*** Opening Available data ***

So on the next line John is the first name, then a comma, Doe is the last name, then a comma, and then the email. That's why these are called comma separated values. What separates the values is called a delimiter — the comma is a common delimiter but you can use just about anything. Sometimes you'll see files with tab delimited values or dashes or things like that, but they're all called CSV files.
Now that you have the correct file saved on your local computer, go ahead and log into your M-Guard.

*** Closing Available data ***
*** Opening Available data ***

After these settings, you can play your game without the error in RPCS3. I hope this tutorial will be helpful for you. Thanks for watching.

*** Closing Available data ***
*** Opening Available data ***

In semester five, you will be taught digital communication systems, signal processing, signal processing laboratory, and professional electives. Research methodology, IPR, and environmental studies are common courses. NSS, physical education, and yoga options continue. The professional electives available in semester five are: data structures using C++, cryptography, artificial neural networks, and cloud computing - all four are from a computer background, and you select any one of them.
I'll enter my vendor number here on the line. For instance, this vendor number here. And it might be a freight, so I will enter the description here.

*** Closing Available data ***

*Problem description*. The lines above from the one containing "So on the next" through the one containing "Now that you" are to be set down exactly, and no others.

*Task solution*.
So on the next line John is the first name, then a comma, Doe is the last name, then a comma, and then the email. That's why these are called comma separated values. What separates the values is called a delimiter — the comma is a common delimiter but you can use just about anything. Sometimes you'll see files with tab delimited values or dashes or things like that, but they're all called CSV files.
Now that you have the correct file saved on your local computer, go ahead and log into your M-Guard.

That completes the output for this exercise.